Universal Semantic Code (USC)

Knowledge Representation and Inference Language
Terminological Abstractions for Terminology Classification

6th International Conference on Terminology and Knowledge Engineering (TKE 2002), Nancy, France, 2002.



Terminological Abstractions for Terminology Classification


Igor Boyko, Ph.D.


HP Labs, Palo Alto


Abstract


The paper considers the method of technical terminology classification on the basis of terminological abstractions. The method is used to overcome jargon differences between scientific domains. Each scientific domain has its own terminology, or jargon. Within a domain, this is valuable as it provides conciseness and exactness. Outside the domain, however, it results in confusion. The experts within the domain can understand the same term in its different senses; to those outside the domain, it is unclear. The development of semantic classifiers of abstract terminology as intermediate links between various domains will help to solve this problem. This classifier may also serve as a form of ontology for the applicable domains. Such classifiers unite linguistic-semantic and functional approaches for analysing the terms in a natural language. The linguistic approach uses a natural language lexicon and considers the terms as parts of speech: e.g. as verbs, nouns, or adjectives. In the functional approach we consider a verb as an action, a noun as a subject or an object, and an adjective as an attribute of: the action, the subject or the object.

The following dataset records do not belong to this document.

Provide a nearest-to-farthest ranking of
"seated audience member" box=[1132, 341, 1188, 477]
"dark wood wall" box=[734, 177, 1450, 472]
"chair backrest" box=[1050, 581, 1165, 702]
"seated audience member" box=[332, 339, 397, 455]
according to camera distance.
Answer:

Universal Semantic Code (USC) offers a method of semantic representation of terms using the verb as an action. USC has its own set of formal tools, called the USC algebra. We apply the UCS approach to the terminology where a noun is the subject or the object, and an adjective is the attribute of: the action, the subject or the object. We develop an algorithmic approach for processing meta-terminology or meta-data. The formal tools support the meta-representation of the terminology to develop the multi-language classification with the collection of terms on a functional basis. We propose a system for terminology standardization by the functional criteria with the relevant relations inside of the classes.


Introduction


The terminology classification is a main point that determines the meaning of terms of scientific domains. There is important for users of computer-applied systems to be sure that the computer can process a terminological input to give a relevant output. The ideal way for such communication is communication on the same terminological language (Scragg, 1978).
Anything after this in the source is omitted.